12. Contrary to Fares' argument that the forum selection clause is merely permissive, section 14.12 of the stockholders agreement explicitly limits venue to the state or federal courts in New York "for any litigation... arising out of or relating to..." the stockholders agreement. (D.I. 18, ex. B) Moreover, Fares' argument that his claims exist at common law misses the mark, as Fares' claims nevertheless relate to section 8 of the stockholders agreement and fall within the scope of the forum selection clause.

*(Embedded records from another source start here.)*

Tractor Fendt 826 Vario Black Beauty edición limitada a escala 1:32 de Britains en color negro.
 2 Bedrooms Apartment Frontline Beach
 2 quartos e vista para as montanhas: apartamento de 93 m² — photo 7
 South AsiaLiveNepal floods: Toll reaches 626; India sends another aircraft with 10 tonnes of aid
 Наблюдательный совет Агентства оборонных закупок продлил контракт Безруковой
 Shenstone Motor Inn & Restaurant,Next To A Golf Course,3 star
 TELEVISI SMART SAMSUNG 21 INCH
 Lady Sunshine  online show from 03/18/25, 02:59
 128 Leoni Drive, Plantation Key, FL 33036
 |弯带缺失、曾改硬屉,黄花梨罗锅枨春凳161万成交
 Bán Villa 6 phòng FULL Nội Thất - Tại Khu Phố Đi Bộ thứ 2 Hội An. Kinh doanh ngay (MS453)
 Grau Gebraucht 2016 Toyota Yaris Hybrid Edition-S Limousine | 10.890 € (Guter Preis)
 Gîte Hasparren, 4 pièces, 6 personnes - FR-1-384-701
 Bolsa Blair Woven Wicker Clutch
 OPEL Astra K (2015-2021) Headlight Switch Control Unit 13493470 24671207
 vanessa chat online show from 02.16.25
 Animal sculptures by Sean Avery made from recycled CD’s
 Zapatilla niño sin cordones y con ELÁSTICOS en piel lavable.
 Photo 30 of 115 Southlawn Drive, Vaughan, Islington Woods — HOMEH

13. As noted above, upon finding a valid forum selection clause, the court "may transfer the case to the stipulated venue rather than dismiss the case." Darlington, 2011 WL 3514794 at *3; see also Hall v. Ski Shawnee, Inc., Civ. No. 06-CV-275, 2006 WL 2869528 at *4 (E.D. Pa. Oct. 4, 2006) ("Generally, transfer to the proper forum is preferable to outright dismissal because it avoids repetitive motion practice and unnecessary costs.") "A motion to transfer is not a prerequisite to transfer under § 1404(a)." Id. Consequently, the court concludes that the parties' choice of venue as stipulated in the shareholders agreement should govern, and the case should be transferred to the United States District Court for the Southern District of New York.

14. Conclusion. For the foregoing reasons, defendants' motion to dismiss is denied;[4] however, the case is transferred to the United States District Court for the Southern District of New York pursuant to 28 U.S.C. § 1404(a). An appropriate order shall issue.